**Data extract**
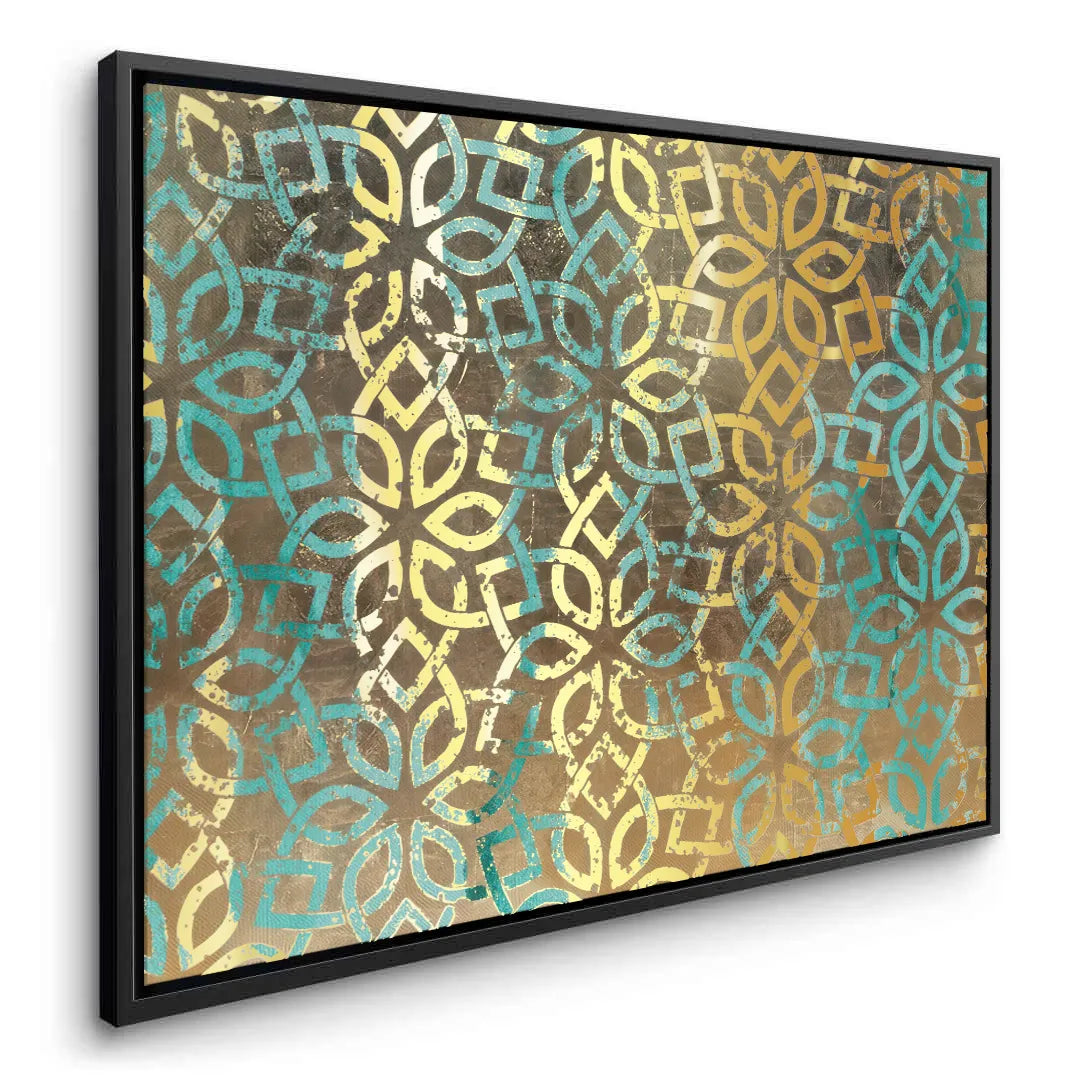 Gold Teal Pattern - Canvas - Jasmineart.ae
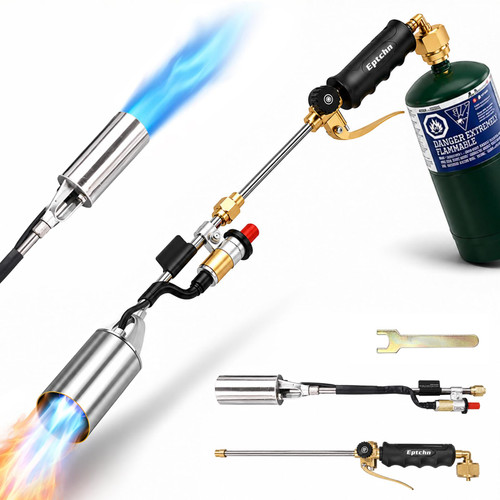 Upgraded Propane Torch Weed Burner with Dual Flame Control – Gas Valve & Turbo Trigger, Self-Igniting 33.4" Heavy Duty Weed Torch, Up to 4000°F for Weeding, Snow Melting & Roofing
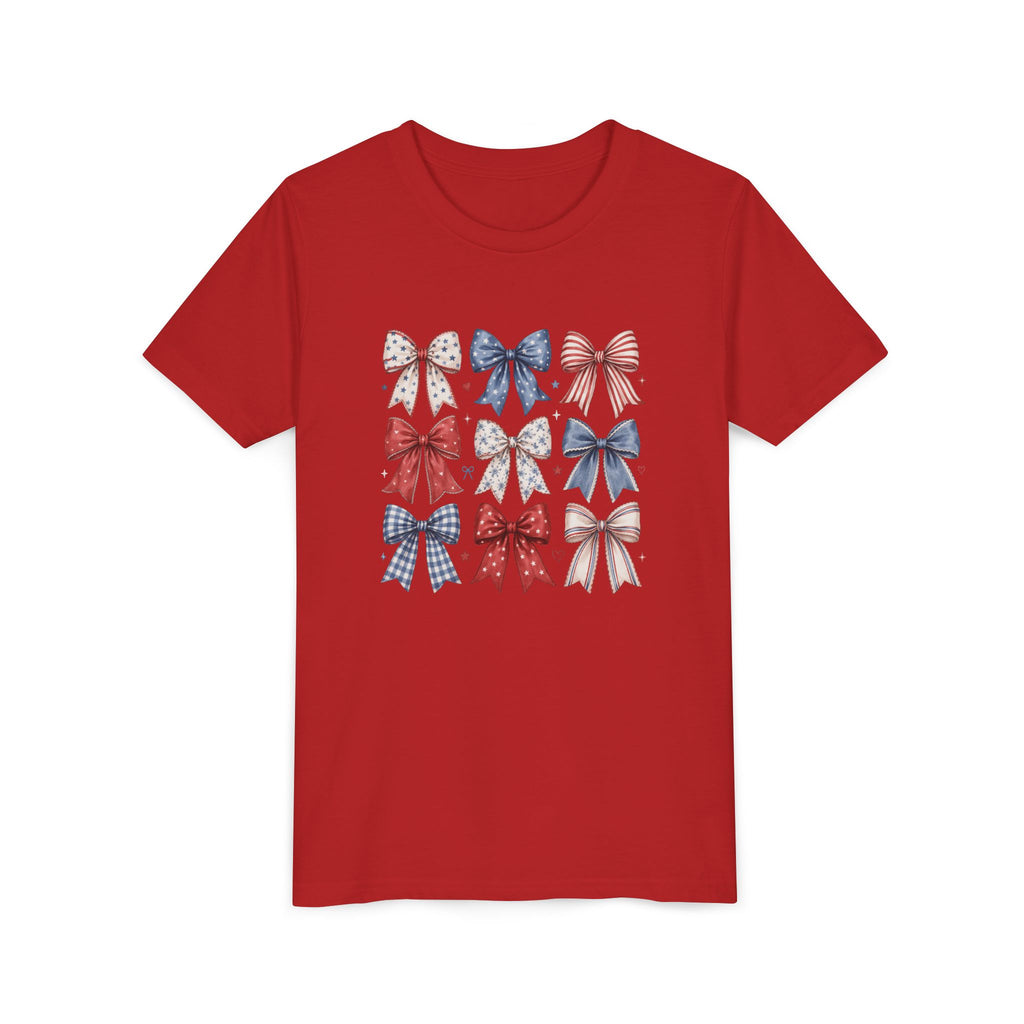 Patriotic Bow Grid Tee, Red Blue Checkered Ribbon Shirt, Cute USA Graphic Top, Fourth of July Celebration Outfit Youth Short Sleeve Tee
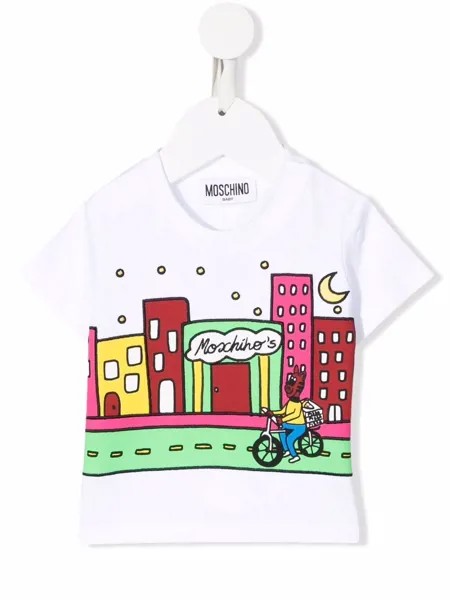 Moschino Kids футболка с графичным принтом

**What is required**
Please return exactly the lines above, from where the listing starts to the line holding "Upgraded Propane Torch", inclusive, with the pictures omitted.

**Solution for this problem**
 Gold Teal Pattern - Canvas - Jasmineart.ae
 Upgraded Propane Torch Weed Burner with Dual Flame Control – Gas Valve & Turbo Trigger, Self-Igniting 33.4" Heavy Duty Weed Torch, Up to 4000°F for Weeding, Snow Melting & Roofing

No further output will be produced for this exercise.